Obama Portraits Revealed to Have Cost $500,000 as Criticism of Paintings Grows

Obama Portraits
National Portrait Gallery

Art critics appear to remain split over former first lady Michelle Obama's portrait.

The price tag for the portraits of President Obama and first lady Michelle Obama unveiled at The National Portrait Gallery Tuesday has been revealed as the paintings' critical reception remains mixed. 

The paintings cost $500,000 — and some believe Michelle Obama's portrait doesn't even look like her.

The New York Times art critic Holland Cotter says it "could be almost anyone's face" but The Guardian's Jonathan Jones called the painting "a modern-day Mona Lisa." 

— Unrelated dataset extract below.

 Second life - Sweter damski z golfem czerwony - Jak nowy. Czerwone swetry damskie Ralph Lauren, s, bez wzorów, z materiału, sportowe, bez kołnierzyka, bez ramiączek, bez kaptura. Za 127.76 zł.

President Obama perhaps foresaw the conversation that would be sparked by the paintings.

“The arts have always been central to the American experience. They provoke thought, challenge our assumptions, and shape how we define our narrative as a country,” he said at Monday's unveiling. 

It's also been revealed that the backdrop on the 44th president’s portrait — by artist Kehinde Wiley — is filled with symbolism of his upbringing. 

The jasmine flowers represent Hawaii, Obama's birthplace; chrysanthemums to symbolize Chicago, where he and his family lived before the White House; and African blue lilies to represent his Kenyan heritage. 

Dorothy Moss, the curator of painting and sculpture at the National Portrait Gallery, told The Washington Post that artist Amy Sherald, who painted Mrs. Obama’s portrait the way she did to highlight the importance of African-Americans. 

“She bent down and looked at them and said, ‘I painted this for you so that when you go to a museum you will see someone who looks like you on the wall,'" Moss recalled after seeing Sherald speak to young African-American girls at a gallery talk. 

The Obamas became the first presidential couple to be painted by African American artists. 

“To call this experience humbling would be an understatement,” President Obama said at the unveiling. "That’s because, as a former president, when you choose an artist to describe your likeness, you have the opportunity to shape, quite literally, how someone sees the office of the American presidency. And how they might see themselves in that presidency."